Happ’s locker is next to the media entrance to the Wrigley Field clubhouse, but the new guy isn’t here to banter with reporters and deliver money quotes about improved footwork, the way the Cubs manager did in his own colorful style.
“Sounds like Joe,” Happ said before Wednesday’s game against the San Francisco Giants. “I feel great about the way I’m playing the outfield right now and I’ll just continue doing what I’m doing.”
That’s not to say that Happ views himself as a finished product less than two full years into professional baseball, with only 26 games on the Triple-A level and not even two weeks in The Show. But the Cubs clearly saw Happ – a first-team Academic All-American at the University of Cincinnati and a two-time Cape Cod League All-Star – as a quick study.

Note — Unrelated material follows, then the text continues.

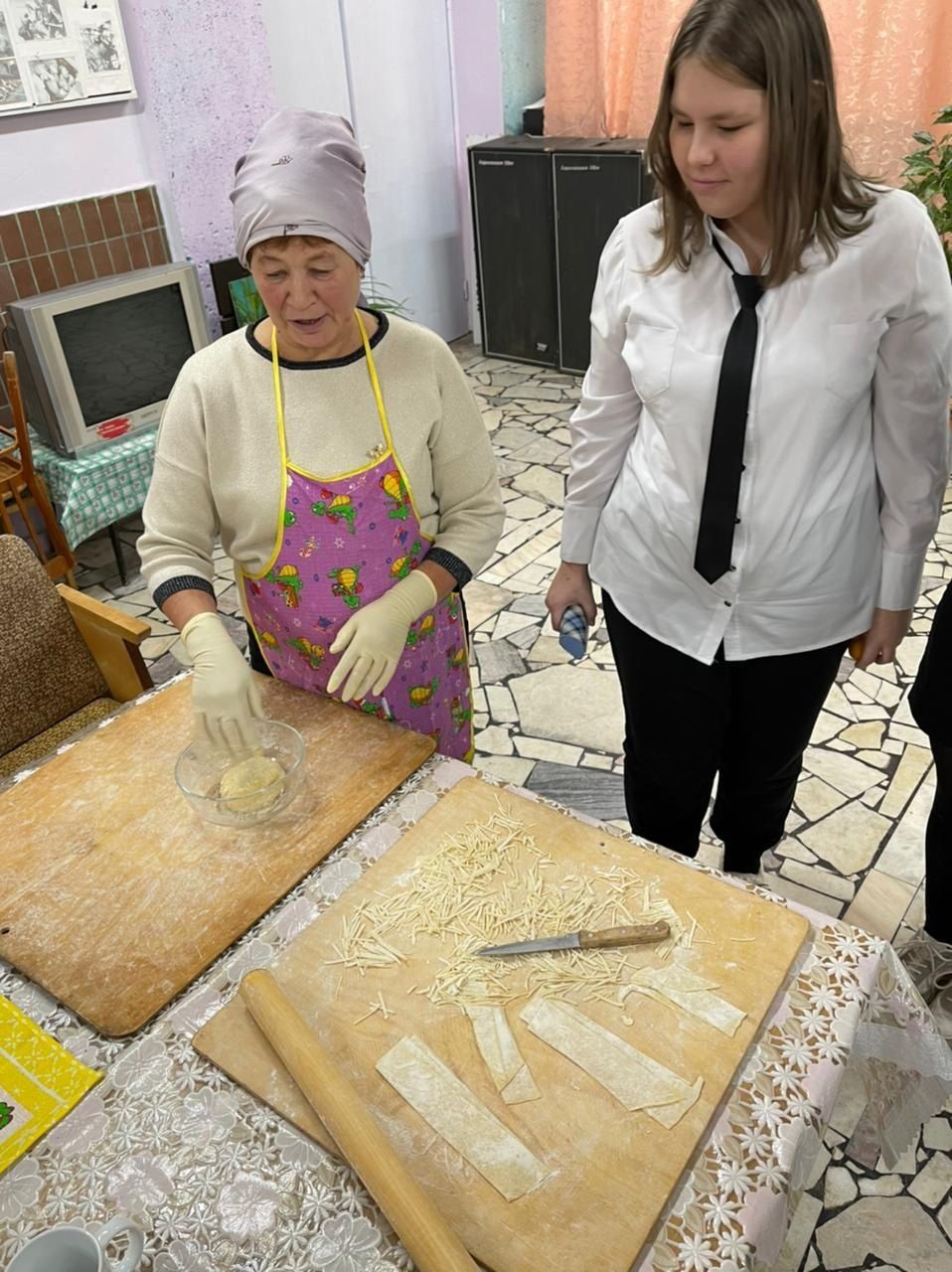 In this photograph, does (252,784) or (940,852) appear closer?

“You have to continue to get better,” Happ said. “It’s always a process. Once you settle, you’ll start to regress. Every day, I’m trying to get a little bit better.”
That attitude will go a long way with a veteran group and the young stars not that much older than Happ (22). Just listen to a three-time World Series champion, the reigning National League MVP and a Cy Young Award winner.
“He’ll figure it out – he’s an athlete,” Jon Lester said. “Obviously, the approach and the hitting (is already) there, so the other stuff, I’m sure, he’ll figure out on the fly.”
“He’s a stud,” Kris Bryant said. “He was ready out of spring training.”
“He’s not fazed by anything,” Jake Arrieta said. “He’s got a very good demeanor about the way he handles himself. That’s going to help him make the transition very quickly.
“He’s had some really nice at-bats. He can handle balls down in the strike zone. He’s able to lay off pitches east and west and balls up in the strike zone. He’s got a great approach. He’s going to be really good for us.”
Maddon admitted he was only nitpicking with Happ, who has answered some of the lingering questions about his defense and positioned himself as someone who can take on Bryant/Ben Zobrist responsibilities, moving all over the outfield, playing second base and backing up the corner infield spots.
“It doesn’t matter” where you see yourself, Happ said. “I’ll keep working on both. I’ll be prepared every day for wherever I have to be. But I just want to help any way that I can.”